Researchers in Ottawa report new hope for the treatment of infants born with serious genetic disorder.

Over 1000 children in Canada are affected with Spinal Muscular Atrophy (SMA), a genetic disorder that causes muscle weakness and loss of motor control. In its most severe form survival of children with SMA beyond 5 years is rare. Although the disorder is caused by the loss of a specific gene, all infants and children with SMA have an untouched highly similar gene within their genetic make up. Activation of this copy gene has the potential to treat SMA, and thus has been a goal of researchers around the world.

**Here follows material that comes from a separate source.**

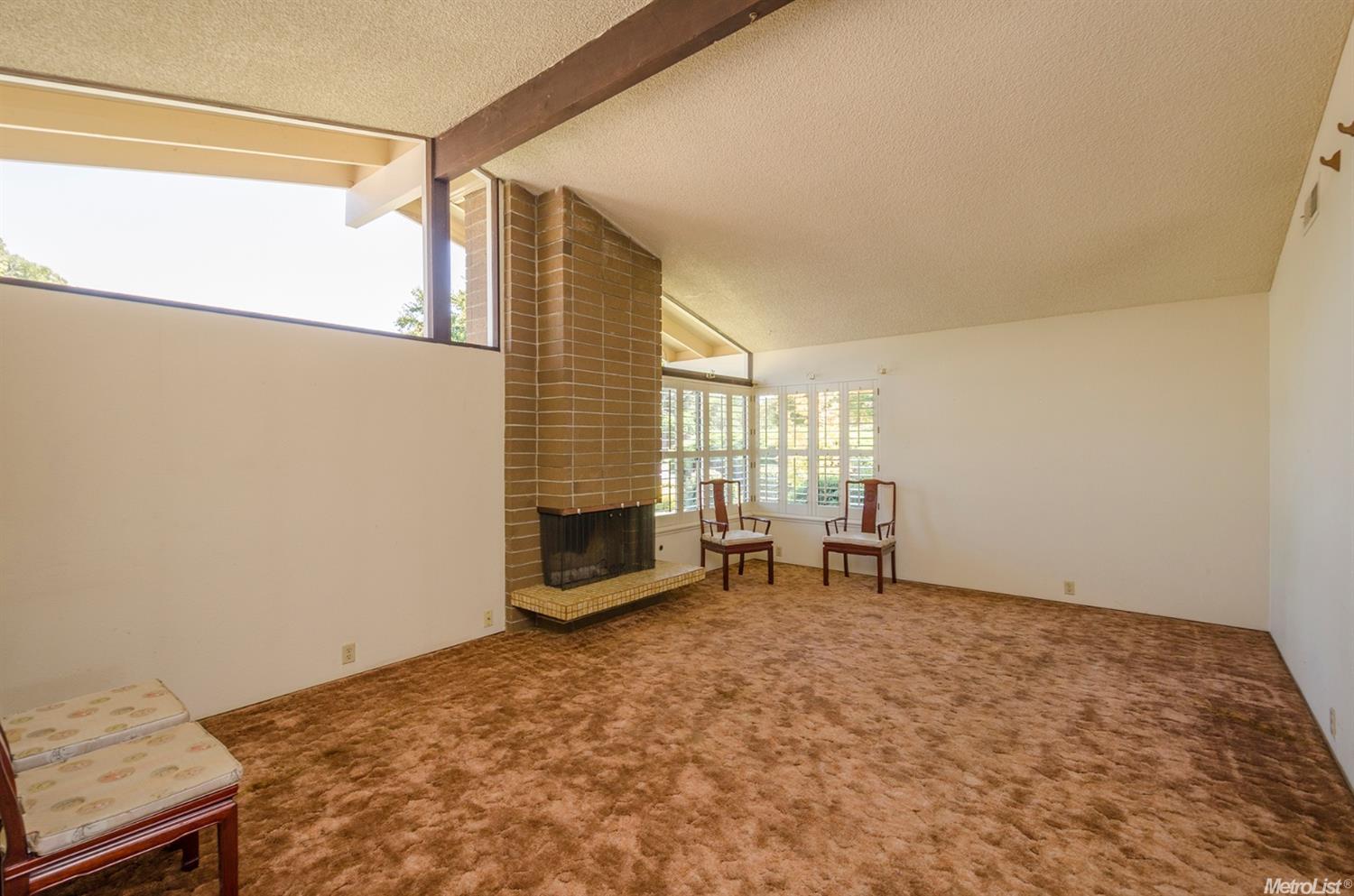 5494 Wildflower Cir, Carmichael, CA 95608 photo 5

Now, researchers at the Children's Hospital of Eastern Ontario Research Institute in Ottawa report the strongest such activation yet observed with attendant benefit on mice genetically engineered to have SMA.

PhD student Faraz Farooq working in the laboratory of University of Ottawa professor, Alex MacKenzie has discovered that the pregnancy hormone Prolactin, a Canadian discovery in itself, not only activates the copy gene but if given over time extends the lifespan of SMA mice by up to 60%. The research report is published today in the Journal of Clinical Investigation.

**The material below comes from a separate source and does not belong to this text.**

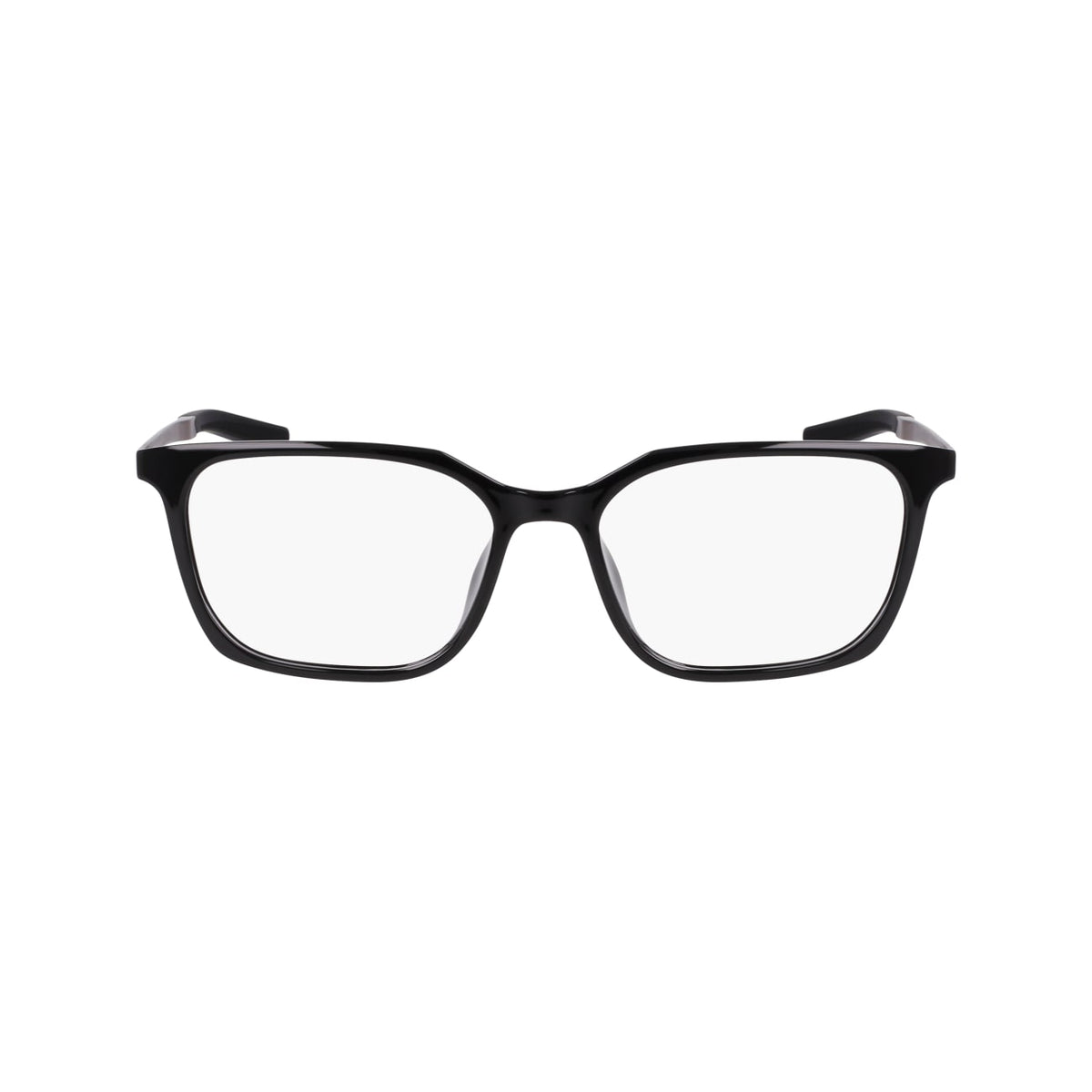 Gafas Graduadas Nike NIKE 7227 001 54 17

"Prolactin causes a dramatic regulation of copy gene SMN2 which results in high production of SMN protein, resulting in the extension in the lifespan of mice with SMA," said Mr. Faraz Farooq. "Labs around the world have been trying to produce more protein from copy gene SMN2 but with Prolactin (an insulin like protein) we're seeing up-regulation that's more than tenfold. It's the biggest increase anyone has yet seen in the SMA Field with any potential therapeutic compound. This represents a significant advance in search for a therapy for this disease."

The laboratory testing of Prolactin on SMA not only shows an extended lifespan but also improved motor control. Prolactin has been used in clinical trials for unrelated studies, so it is expected that the path between pre-clinical validation and actual clinic trials of Prolactin with SMA patients will be reasonably short.

"News of prolactin's role and effectiveness in SMN regulation breathes fresh hope into all of the SMA community," said Martha Slay, president and co-founder of FightSMA. "FightSMA congratulates Dr. MacKenzie and his colleagues on this exciting breakthrough in SMA research."

"We believe we're moving in the direction of an effective pre-symptomatic treatment of kids with SMA," said Dr. Alex MacKenzie, principal investigator, CHEO Research Institute. "We want to somehow stop the progress of this disorder in its tracks, and let our tiniest patients build strength. Today's findings are not curative, but we think this is a breakthrough discovery. Hopefully by using different approaches to increase SMN protein we can develop a combination therapy for the treatment of SMA."